Puis, je me suis dirigée vers la salle des profs. Le chef d’établissement est venu me voir pour entendre le déroulé de l’histoire. Il m’a dit : « C’est bien, vous avez été brillante, vous avez réussi à vous en sortir toute seule ! Je vous félicite ! » Ensuite, j’ai appris que ce parent d’élève avait la réputation d’être « dangereux », qu’il était très instable et qu’il aurait été un mari violent… Personne ne m’avait mise en garde. Le chef d’établissement n’a jamais repris de mes nouvelles. Pour lui, c’était effacé, le problème était réglé. Je pouvais assurer mes cours. »
« Une autre fois, un élève m’a menacée dans les escaliers, sans témoin : « Votre voiture, c’est bien celle-là ? Vous n’avez pas peur pour vos pneus ? » C’était un élève qui se plaignait souvent de ses notes. J’ai averti le principal qui a discuté avec lui. Et lui a dit : « Tes parents sont des gens très bien, tu ne peux pas dire ça. » Quelque temps après, drôle de coïncidence, ma voiture a été rayée… Verdict du chef d’établissement : « On ne sait pas si c’est lui, ça peut être quelqu’un d’autre. »

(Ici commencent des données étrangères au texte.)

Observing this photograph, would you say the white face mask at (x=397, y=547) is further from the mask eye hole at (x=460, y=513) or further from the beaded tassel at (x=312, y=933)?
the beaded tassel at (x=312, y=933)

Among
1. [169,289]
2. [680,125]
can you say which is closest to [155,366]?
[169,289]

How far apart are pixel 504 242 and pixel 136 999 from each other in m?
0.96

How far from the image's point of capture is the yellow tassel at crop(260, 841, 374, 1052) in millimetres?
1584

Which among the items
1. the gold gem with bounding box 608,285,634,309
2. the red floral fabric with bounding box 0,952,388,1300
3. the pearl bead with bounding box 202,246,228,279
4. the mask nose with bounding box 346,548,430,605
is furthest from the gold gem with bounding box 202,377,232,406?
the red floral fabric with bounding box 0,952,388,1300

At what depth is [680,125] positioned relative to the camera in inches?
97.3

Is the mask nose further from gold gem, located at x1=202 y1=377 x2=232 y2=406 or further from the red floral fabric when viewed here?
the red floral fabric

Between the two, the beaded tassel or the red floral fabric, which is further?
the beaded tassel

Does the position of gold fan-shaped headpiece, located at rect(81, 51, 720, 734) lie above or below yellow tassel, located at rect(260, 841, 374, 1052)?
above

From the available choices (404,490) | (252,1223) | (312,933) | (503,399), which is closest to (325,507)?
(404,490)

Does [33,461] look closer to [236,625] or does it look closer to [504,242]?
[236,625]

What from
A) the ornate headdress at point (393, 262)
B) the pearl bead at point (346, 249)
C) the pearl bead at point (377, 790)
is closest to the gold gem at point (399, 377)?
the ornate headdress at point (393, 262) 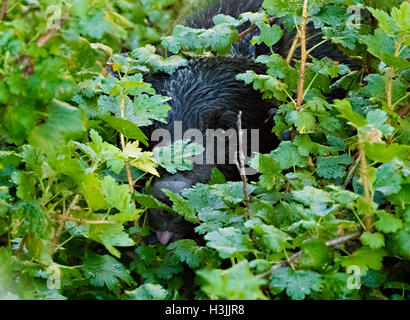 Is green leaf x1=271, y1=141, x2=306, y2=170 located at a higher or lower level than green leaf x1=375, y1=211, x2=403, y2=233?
higher

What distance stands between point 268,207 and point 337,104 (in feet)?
1.91

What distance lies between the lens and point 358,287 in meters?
2.31

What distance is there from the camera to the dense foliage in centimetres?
198

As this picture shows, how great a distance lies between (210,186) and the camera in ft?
9.29

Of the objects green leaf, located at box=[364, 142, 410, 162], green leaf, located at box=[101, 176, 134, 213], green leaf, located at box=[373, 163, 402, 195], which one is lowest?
green leaf, located at box=[101, 176, 134, 213]

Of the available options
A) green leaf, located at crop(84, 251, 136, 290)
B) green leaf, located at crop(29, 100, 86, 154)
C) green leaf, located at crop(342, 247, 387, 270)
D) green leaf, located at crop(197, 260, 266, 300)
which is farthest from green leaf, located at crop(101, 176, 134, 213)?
green leaf, located at crop(342, 247, 387, 270)

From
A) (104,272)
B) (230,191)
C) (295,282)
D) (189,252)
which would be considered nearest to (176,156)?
(230,191)

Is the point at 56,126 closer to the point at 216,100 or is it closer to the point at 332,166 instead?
the point at 332,166

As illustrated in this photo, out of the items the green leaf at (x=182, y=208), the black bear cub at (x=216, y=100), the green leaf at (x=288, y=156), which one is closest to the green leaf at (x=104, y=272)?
the green leaf at (x=182, y=208)

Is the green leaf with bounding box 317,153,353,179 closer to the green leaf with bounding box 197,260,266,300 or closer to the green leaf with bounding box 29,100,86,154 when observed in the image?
the green leaf with bounding box 197,260,266,300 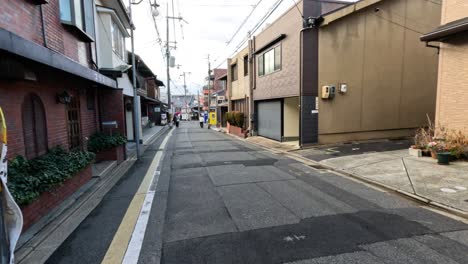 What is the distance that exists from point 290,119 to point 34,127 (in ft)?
40.8

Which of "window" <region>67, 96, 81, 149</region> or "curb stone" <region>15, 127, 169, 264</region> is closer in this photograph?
"curb stone" <region>15, 127, 169, 264</region>

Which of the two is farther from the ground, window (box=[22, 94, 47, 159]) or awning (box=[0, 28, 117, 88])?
awning (box=[0, 28, 117, 88])

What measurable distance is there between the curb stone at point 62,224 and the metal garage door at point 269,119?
34.1 feet

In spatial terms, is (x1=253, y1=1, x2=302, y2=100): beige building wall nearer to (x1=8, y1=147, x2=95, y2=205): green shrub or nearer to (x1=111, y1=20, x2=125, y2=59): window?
(x1=111, y1=20, x2=125, y2=59): window

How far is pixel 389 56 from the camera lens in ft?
41.9

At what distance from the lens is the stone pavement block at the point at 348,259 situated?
120 inches

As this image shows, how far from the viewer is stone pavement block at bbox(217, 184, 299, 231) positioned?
164 inches

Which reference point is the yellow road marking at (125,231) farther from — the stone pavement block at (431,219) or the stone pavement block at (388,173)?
the stone pavement block at (388,173)

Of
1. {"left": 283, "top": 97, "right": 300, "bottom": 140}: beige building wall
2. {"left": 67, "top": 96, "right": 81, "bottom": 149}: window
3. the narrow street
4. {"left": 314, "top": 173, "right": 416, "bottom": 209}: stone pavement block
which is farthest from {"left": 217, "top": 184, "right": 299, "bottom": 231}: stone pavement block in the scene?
{"left": 283, "top": 97, "right": 300, "bottom": 140}: beige building wall

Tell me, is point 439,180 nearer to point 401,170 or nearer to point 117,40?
point 401,170

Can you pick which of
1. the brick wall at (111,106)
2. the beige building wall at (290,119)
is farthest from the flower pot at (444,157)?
the brick wall at (111,106)

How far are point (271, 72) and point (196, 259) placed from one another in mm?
13526

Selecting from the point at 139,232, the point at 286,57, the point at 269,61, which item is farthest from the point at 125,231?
the point at 269,61

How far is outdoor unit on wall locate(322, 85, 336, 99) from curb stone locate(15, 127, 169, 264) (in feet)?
30.7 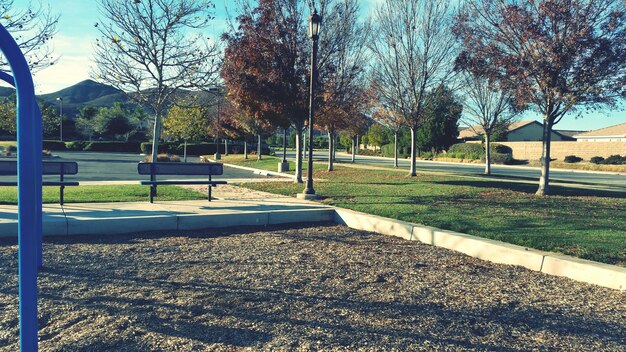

Ce que j’ai appris au bout de 15 ans de carrière, c’est à régler les problèmes par moi-même. Je n’en parle plus au chef d’établissement. Inutile. En général, quand on envoie un élève dans son bureau, il revient avec un grand sourire. Là, vous avez compris que vous n’êtes pas soutenu. »
#PasdeVague
Depuis la diffusion de la vidéo d’un élève braquant sa professeure avec un pistolet factice à Créteil , la parole se libère chez les enseignants . Avec le hashtag #PasdeVague, des dizaines de milliers de professeurs osent parler de ce sujet jusqu’ici tabou : la violence exercée par une minorité d’élèves envers le corps enseignant. Quatre cent quarante-deux incidents graves sont signalés chaque jour dans les collèges et lycées de France, d’après la Depp (Direction de l’évaluation, de la prospective et de la performance), un chiffre stable depuis des années et largement sous-évalué, tous les faits n’étant pas signalés. Les violences verbales représentent 40 % des faits, les violences physiques – principalement entre élèves – 30 %.
Ces agressions, menaces, intimidations ou insultes ne touchent pas que les professeurs. Surveillants, conseillers principaux d’éducation (CPE) et membres du personnel de direction sont également en première ligne. Certains ont accepté de se confier au Point. Ils racontent le jour où la violence a fait irruption dans leur quotidien, sur leur lieu de travail, alors qu’ils se pensaient respectés.
Lire aussi nos précédents témoignages « Il a déboulé vers moi, prêt à en découdre » ; « On te retrouvera ! » ; « On m’a traitée de raciste et de sale pute »
Derrière l’anecdote personnelle, ils dénoncent tous le manque de soutien de leur hiérarchie et des sanctions trop légères, voire inexistantes ou inapplicables.